A ping of 150ms is a completely different situation.
In an online game with 150ms ping your game engine is still operating at say 5-45ms per frame and your movement/input lag will be below that as well, it's just players within your game would sometimes jump about within your normally running game. That is a complete different concept to the entire game having crappy lag and everything you do doesn't appear to you until 150ms later. Also that 150ms is the return trip for information with exceptionally little processing going on at the other end. With cloud gaming that 150ms would be the minimum, on top of that you would have the frame being processed.
I assume your not a fan of the cloud based gaming tech them DM or is it just the currant state of the implementation of it ?
Anything about how it currently runs is woeful, nothing even connected to how they run at the moment is feasible for even 'good' gaming, let alone anything like what you can do at home today. All modding, gone, high IQ, gone, low latency, gone.
If you take say me playing GTA v now, I can get 120fps easily with xfire, that means movement I make in the game can be updated every 8ms or so, no perceivable input lag and smooth as butter gaming at the settings I chose. Take that to streaming and one, they wouldn't provide me with xfire 290s level of performance so IQ takes a nose dive, 120hz, no chance, no where near as smooth, mods, no chance. But more importantly, my input has to go to them to be processed which means I turn, it gets, even with a great ping 15ms later to them, gets processed which if lucky would be at 60hz kind of performance so another 16ms later, then it has to come back to me. So realistically the minimum input latency will be 45ms. In reality more processing needs to be done, the image needs to be compressed, it has to be fiddled with at this end before being displayed and the last I heard Grid and other game streaming services were in the 200ms or above range, with 200ms considered good performance considering what is achievable today.

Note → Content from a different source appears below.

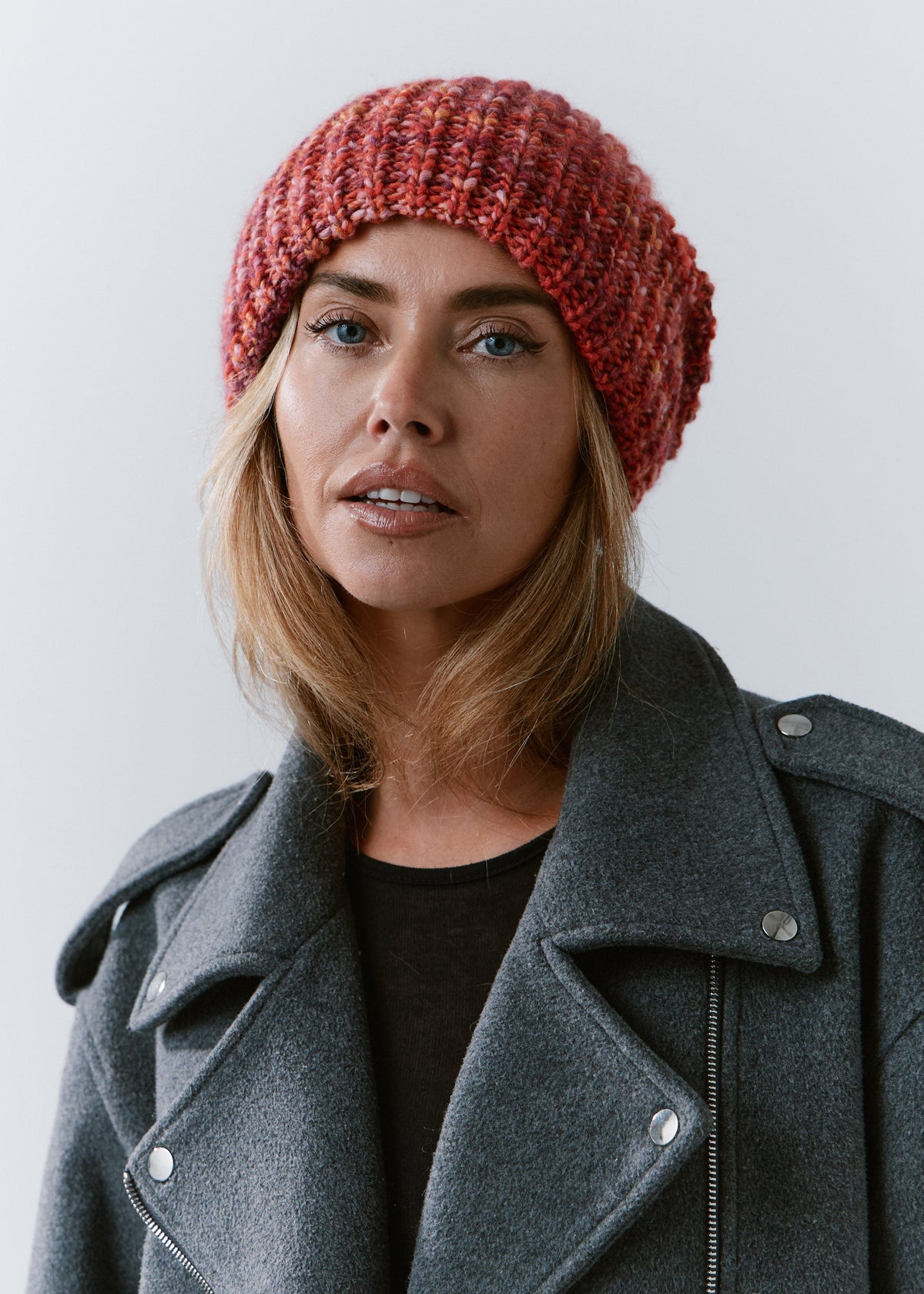London Red knit beanie: Front portrait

Even at it's absolute best, if you could rent 2 high end gpus and get 120hz of high IQ stuff back... and they created a cloud network that had almost negligible excess lag, on a freaking awesome connection you will get 45ms input latency.... which is effectively 10 times worse than what I have gaming at home.
The tech isn't there and likely won't ever be because basic connections across the internet are surprisingly fast already. Accessing a server somewhere within the local area 8-10ms is as low as you will realistically ever get. You have to go through routing hardware in the box you're connected to, at the exchange that box is connected to, from that exchange to your ISP's link to a backbone, from backbone to the server and then back. Into and out of multiple routers determines a realistic minimum latency that honestly won't ever be overcome. These things use fibre optics and the speed of light for most of the communication stages.
Latency sensitive applications suck on the internet, things that aren't sensitive to latency like video/music are awesome. I've tried onlive, it was horrendous for a single player type game, multiplayer through a cloud gaming service would only compound the issue and become horrific.